La città,ha bisogno di una riscossa civica anche per non essere schiacciata,come sta già avvenendo,dal neocentralismo statale e da un neocentralismo “baricentrico” regionale di cui Emiliano e coloro che in varie forme lo sostengono è l’espressione più acuta.
Nella fase di profonde riforme istituzionali,amministrative e organizzative,di ricollocazioni produttive,di globalizzazione in atto e dopo la lunga recessione, Brindisi rischia di diventare emarginata e perduta,come è già successo in altri periodi della sua storia.
Spetta ai brindisini,ma soprattutto alle nuove generazioni, prendersi cura della propria citta’ e rilanciarne ruolo e prospettiva. Si facciano finalmente da parte tromboni salvifici, portatori di voti, marpioni politici, lestofanti.
Il futuro della città potrà essere solo quello che da città storicamente utile agli altri(per poi essere abbandonata) diventi anche e innanzitutto utile a se stessa.
La politica e questa politica brindisina ha dimostrato che non è in grado di farcela. Ha fallito più volte! Non possono essere gli stessi che hanno fallito a risollevare la città. Ne’ tantomeno coloro che non vivono in città e non conoscono le sue sofferenze, attratti, come sono, solo dagli interessi economici che in essa ancora persistono e su cui sviluppano la propria devastante intermediazione.
Non ci aiuterà nessuno. Dipenderà molto dal rinnovamento della politica e dal contributo che le forze democratiche e di sinistra, ma non solo esse, riusciranno a dare. Ma dipenderà anche da ognuno di noi, dalle proprie intelligenze e dalla costruzione di un civismo democratico e partecipato(da non confondere con il proliferare delle liste civiche che sono solo,il più delle volte,dei contenitori di trasformismo).

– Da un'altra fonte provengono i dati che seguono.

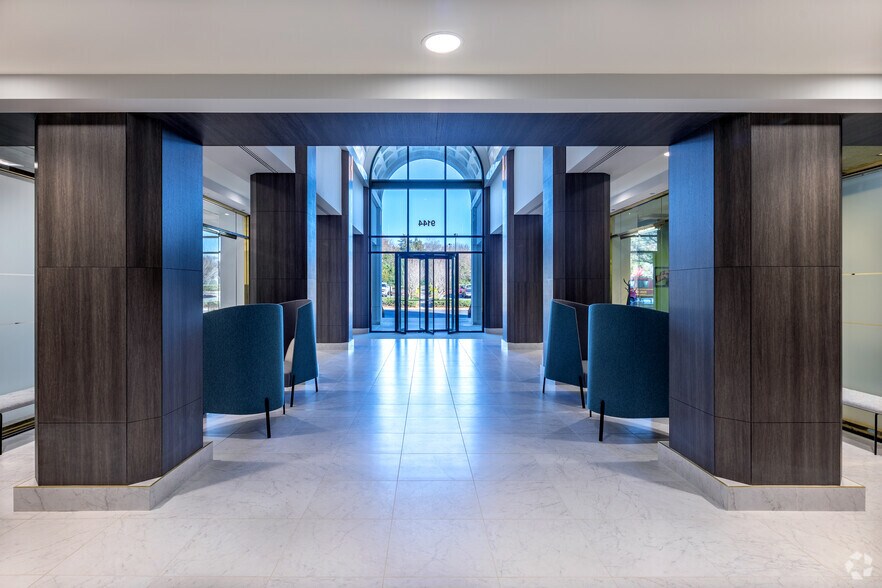 More Photos Of 9144 Arrowpoint Blvd, Charlotte Office For Sale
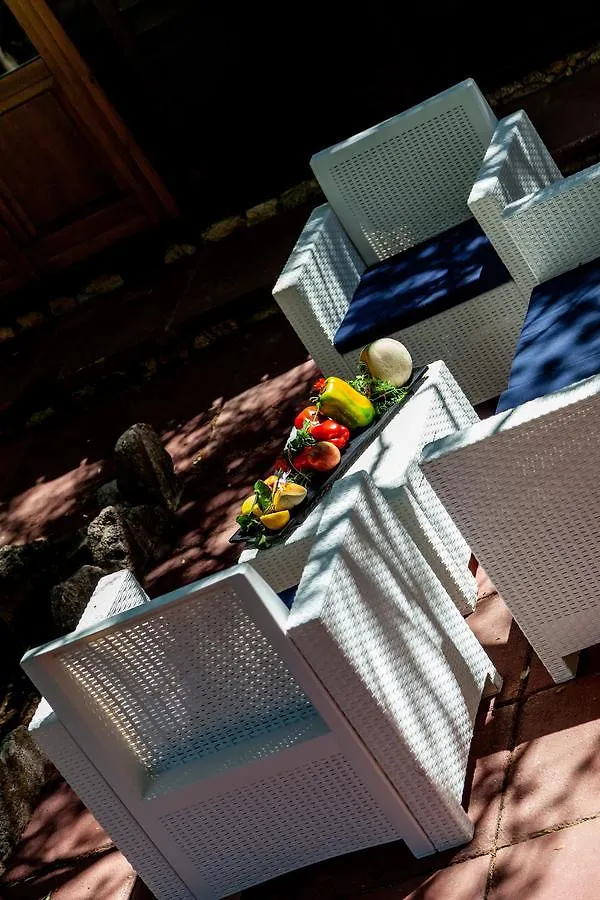 مزرعة للإقامة فيلا Casa Saltara (Adults Only) سانتا تيريزا غالّورا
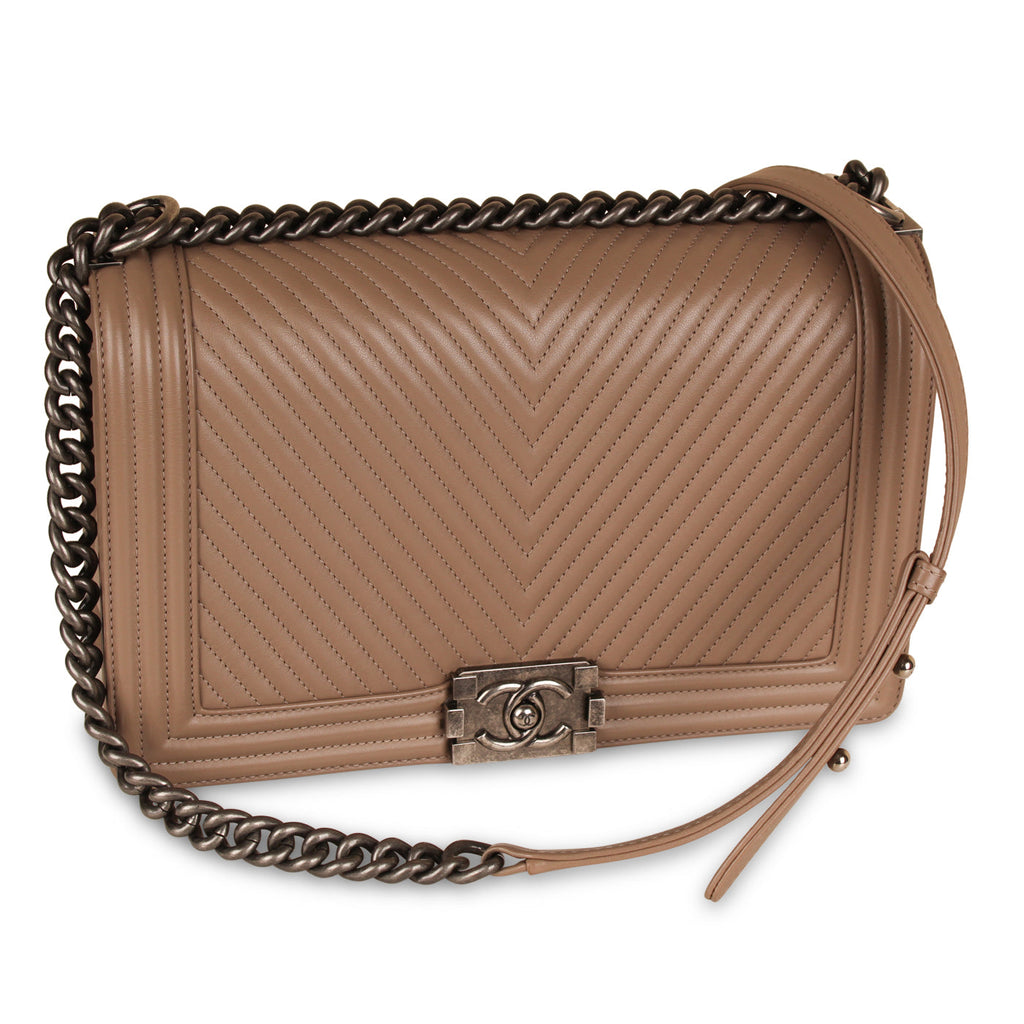 Chanel Boy Bag - New Medium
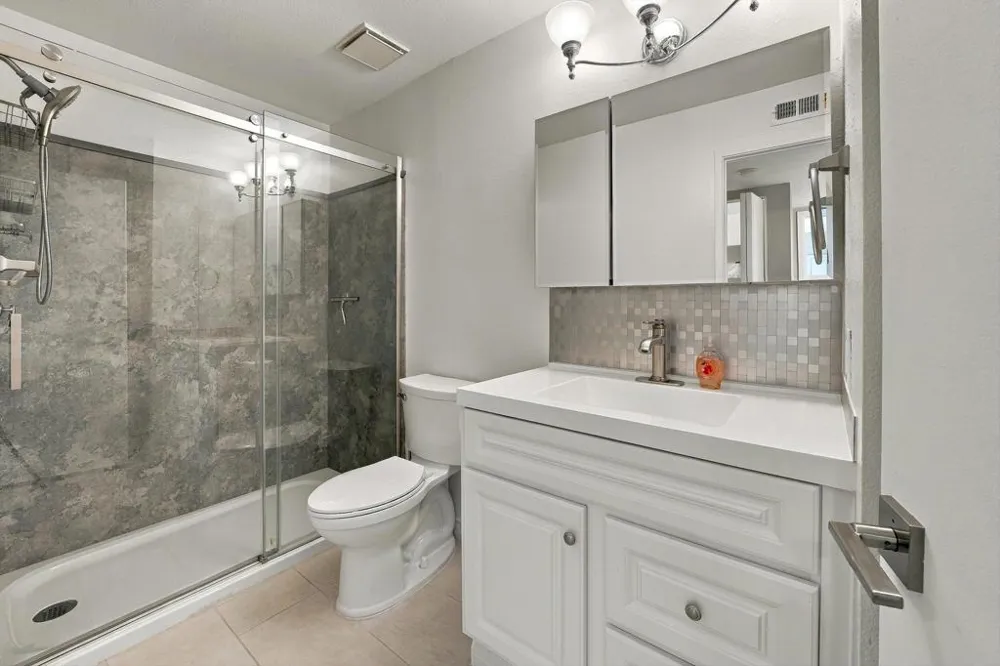 50 Avenida Las Palmas Rancho Mirage, CA 92270
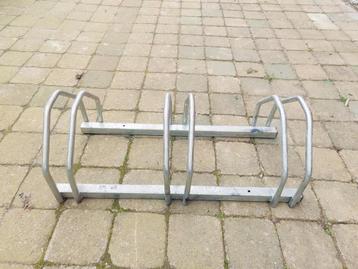 Râtelier range 3 vélos MOTTEZ

 beschikbaar voor biedingen
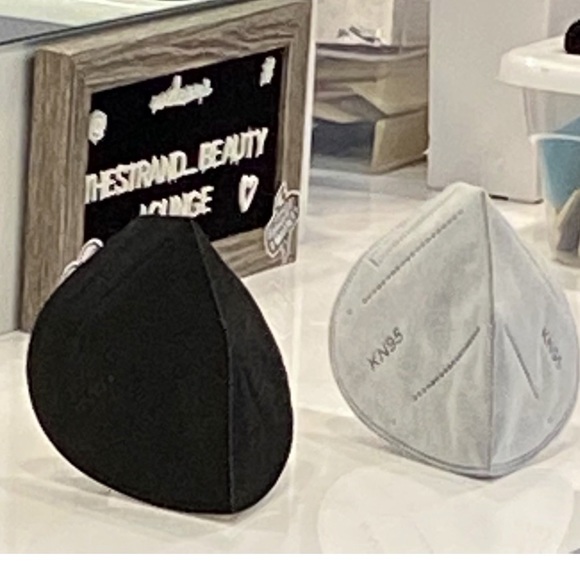 Profile Picture of The spa mask The spa mask (@thespamask) on Poshmark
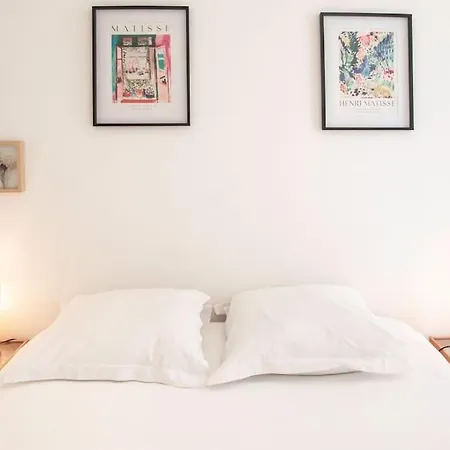 #21 2 Bdr Balconies 10 Mins Walk To Sea 5mins To Tram * Nice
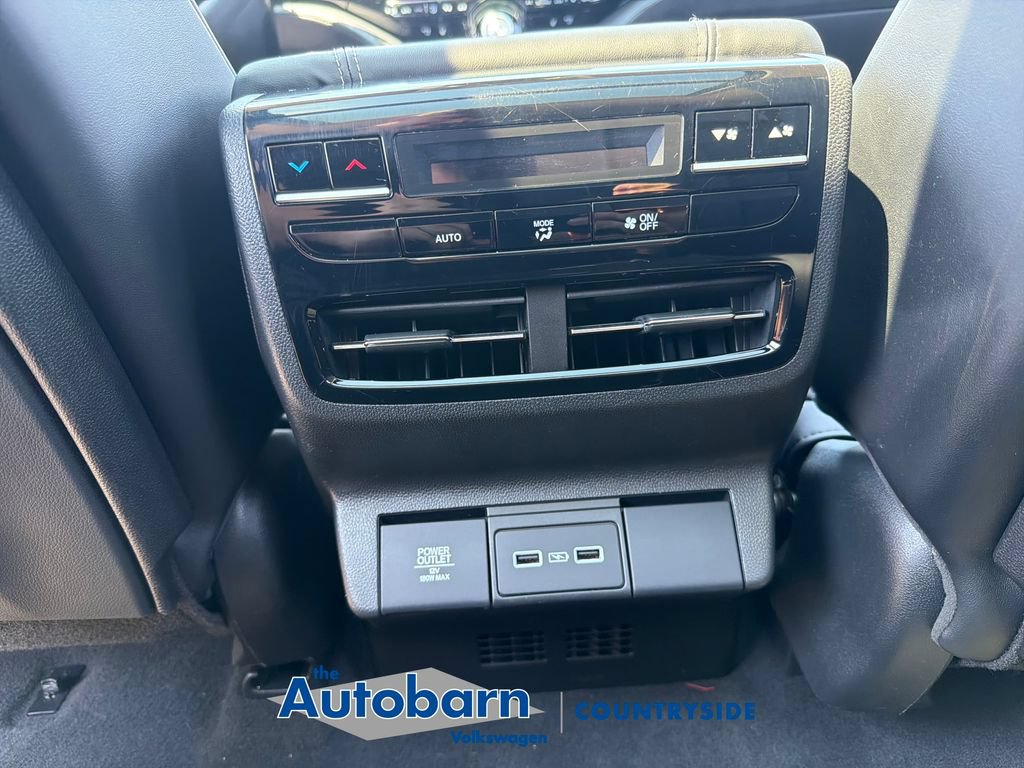 Used 2024 Acura MDX SH-AWD w/ Technology Package image 22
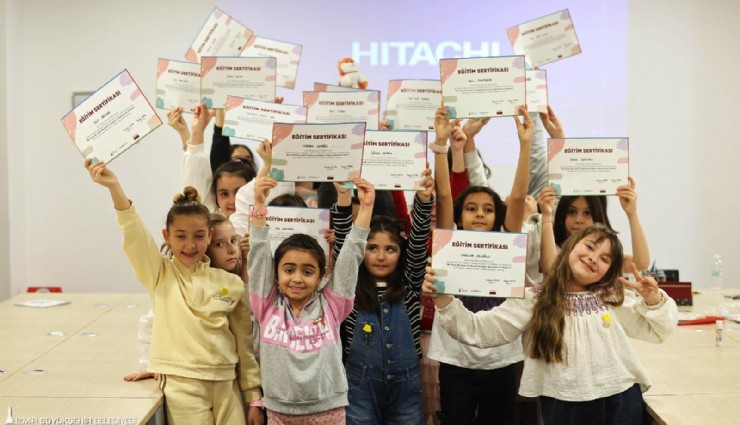 İzmir’de çocuklar kendi hikyelerinin kahramanı oldu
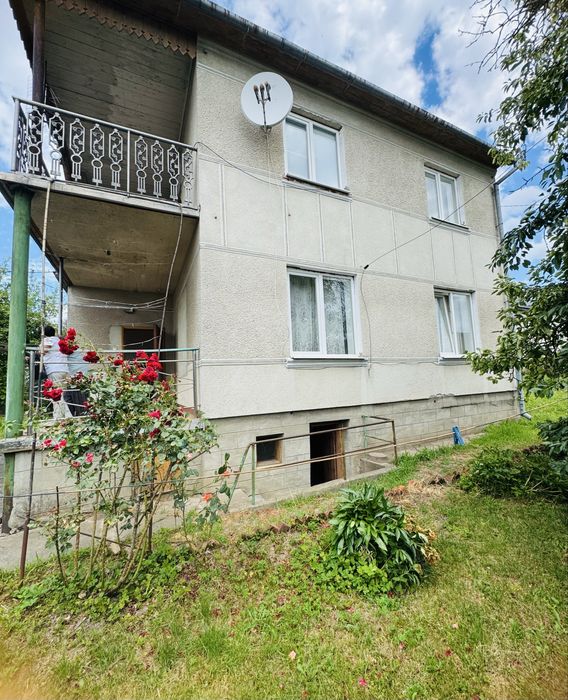 Продам будинок у м.Новий Розділ,по вул.Коновальця.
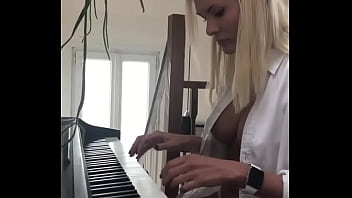 Preview 3 of Berst Porn - Peitinho no Piano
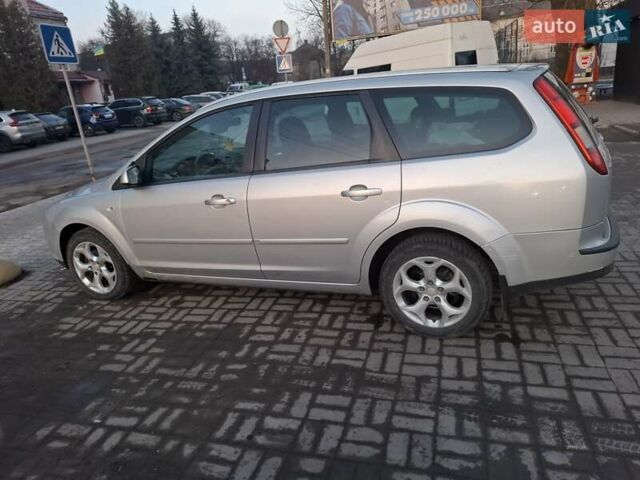 Сірий Форд Фокус, об'ємом двигуна 1.6 л та пробігом 407 тис. км за 4000 $, фото 3 на Automoto.ua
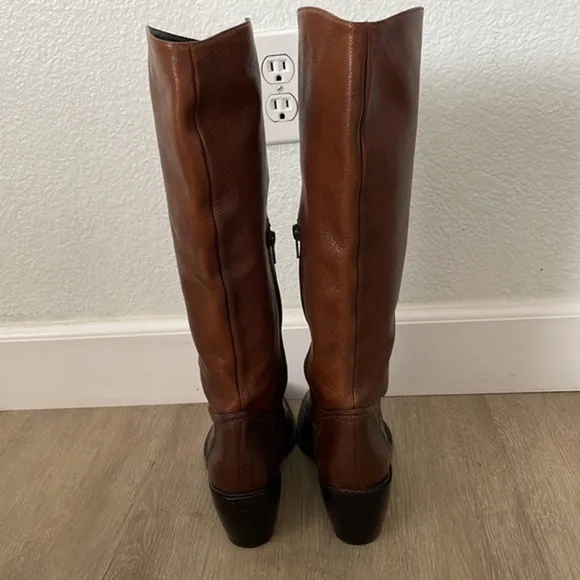 COPY - NWOT $450 Stuart Weitzman Heeled High Brown Leather Laced Boots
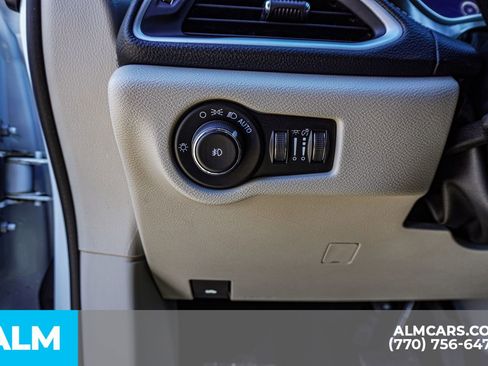 Used 2024 Chrysler Pacifica Select image 37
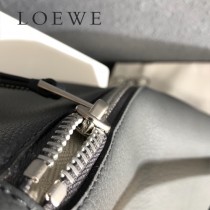 LOEWE 046-2  LOEWE  061607 羅意威  Puzzle 大号男士斜背包
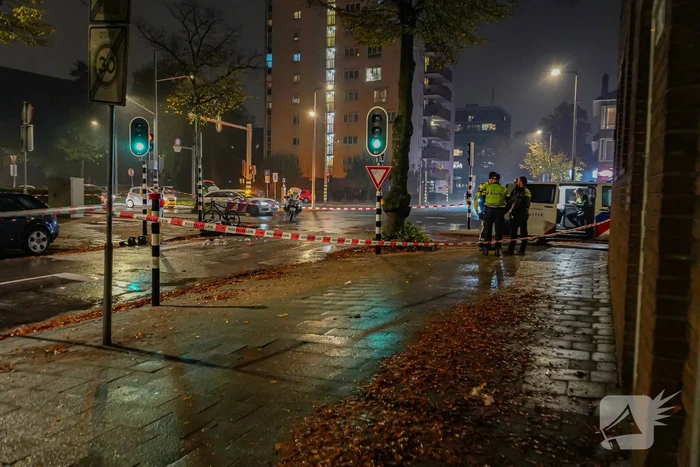 Zwaargewonden bij ernstige aanrijding tussen bestelbus en scooter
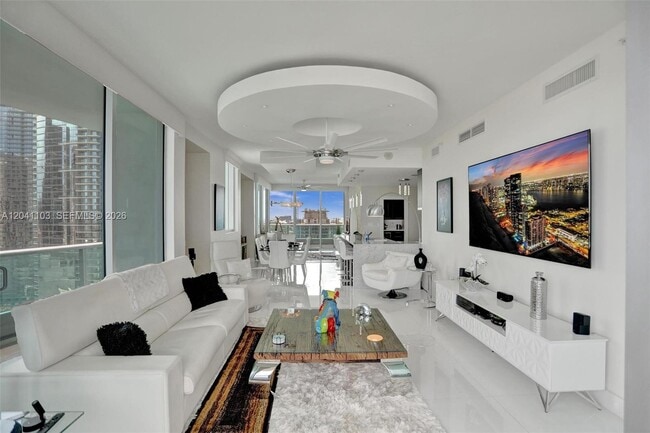 Building Photo - 900 Biscayne Blvd Unit 2901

Siamo tutti chiamati ad abbandonare le “cittadelle delle comode certezze e convenienze”, a liberarci di quella che io chiamo rassegnazione collettiva. Bisogna mettere da parte presunzioni e quei rancori che ognuno si porta dietro, se si vuole dare una mano a Brindisi in uno dei più difficili momenti della sua storia.
Giovani, mondo del lavoro, imprese, professioni, personalità fate un passo avanti per ridare a Brindisi un po’ di normalità, di stabilità e una ritrovata autonomia. Sono le condizioni indispensabili per costruire il suo/nostro futuro. Prendiamo e facciamo nostro il detto popolare: “aiutati che Dio ti aiuta”.